Por estas fechas, hace cosa de cien años, publicaba Jorge Luis Borges su primer libro, Fervor de Buenos Aires. No es una obra cualquiera. El propio Borges diría décadas más tarde que Fervor de Buenos Aires “prefigura todo lo que haría después”. Pero casi todos sus libros posteriores, sin ánimo de contradecir al genio argentino, la superan. De hecho Borges revisaría la obra años después “enmendado sus excesos barrocos y limando asperezas”. Y es que el derecho a la integridad de la obra no parece que pueda ejercitarse contra el propio autor, cuando este decide corregirse a sí mismo. Al fin y al cabo el arrepentimiento es también una de las facultades que integran el derecho moral.
En el Prólogo a la obra escrito años más tarde, incide Borges en una idea que enlaza con la línea de flotación del Derecho de autor: el requisito de la originalidad de la obra. Entre los fines que se propuso en ese primerizo poemario -nos dice- estaba “descubrir las metáforas que Lugones ya había descubierto”. Siendo la metáfora un elemento esencial en la creación poética, el Premio Cervantes reconoce con su proverbial humildad que sus descubrimientos no eran más que reminiscencias de los propios de uno de sus maestros, el poeta argentino Leopoldo Lugones.
De hecho, en no pocas entrevistas a lo largo de su vida, cuando su interlocutor le citaba alguno de sus hallazgos poéticos, Borges solía contestar: “sí, debo haberlo plagiado”.
Esta muestra de autocrítica -y de sentido del humor. no resta originalidad a la obra de Borges. Muchos años después, en ese bello poema titulado “La fama”, nuestro autor matizaría con autoridad la idea anterior acerca de las metáforas. El poeta enumera un conjunto de cosas que sumadas entre sí pudieran haberle granjeado un reconocimiento “que no acaba de comprender”. Entre ellas: “haber ordenado en el dialecto de nuestro tiempo las cinco o seis metáforas”.
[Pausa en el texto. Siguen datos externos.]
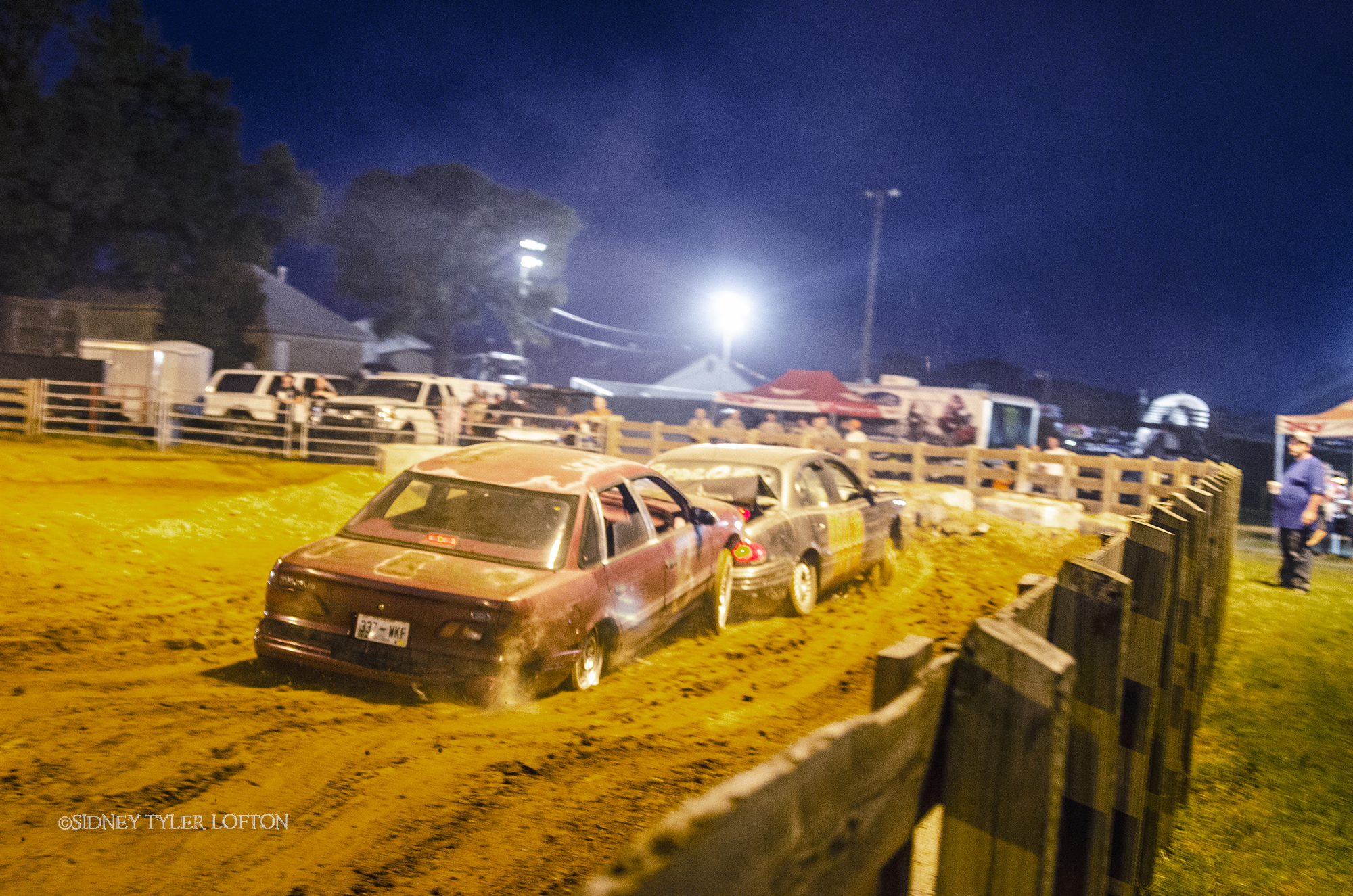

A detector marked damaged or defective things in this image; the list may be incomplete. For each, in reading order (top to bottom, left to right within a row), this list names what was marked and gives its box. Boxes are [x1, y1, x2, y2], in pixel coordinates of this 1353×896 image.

Claro, las metáforas (lo mismo que los temas, las ideas, los argumentos) pueden estar todas ya inventadas, pero cada generación, cada escritor de genio, puede expresarlas en su propio lenguaje, a su modo, y es ahí donde emerge la originalidad.
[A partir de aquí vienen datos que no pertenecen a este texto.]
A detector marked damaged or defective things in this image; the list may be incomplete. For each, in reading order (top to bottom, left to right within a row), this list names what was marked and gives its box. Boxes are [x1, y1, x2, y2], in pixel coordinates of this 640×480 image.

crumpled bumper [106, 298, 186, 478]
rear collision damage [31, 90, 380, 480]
Hay otro aspecto de Fervor de Buenos Aires que presenta una innegable actualidad. Una lección póstuma de Borges que merece la pena ser rescatada. En una entrevista reseñada por Mario Vargas Llosa en su reciente “Medio siglo con Borges”, el poeta relata una anécdota que constituye una enseñanza de vida para algunos escritores de nuestro tiempo que parecen juzgar la medida de su talento por el número de seguidores con que cuentan en las redes sociales.
Decía Borges que de uno de sus primeros libros apenas se habían vendido en un año 37 ejemplares. Lejos de avergonzarle, esta circunstancia le alegraba, ya que treinta siete compradores “son imaginables, son personas con rasgos personales, biografía, domicilio, estado civil”, a cada uno de los cuales podía dirigirse para agradecerles personalmente el gesto “o presentarles mis excusas”. Y añadía: “En cambio, si uno llega a vender mil o dos mil ejemplares, ya eso es tan abstracto que es como si uno no hubiera vendido ninguno”.
En otro de sus poemas felices, Mis libros, decía Borges que las palabras esenciales que le expresaban estaban en las hojas de los libros que había leído, “no en las que he escrito”. En este centenario del nacimiento de Borges como autor, permítasenos esta discrepancia: los libros escritos por Borges, sin desdeñar la subsistencia de sus derechos de autor, son patrimonio común de la humanidad, y parafraseando el inciso final de ese mismo poema contienen voces “que le dirán para siempre.”
Antonio Castán, Socio Honorario de ELZABURU.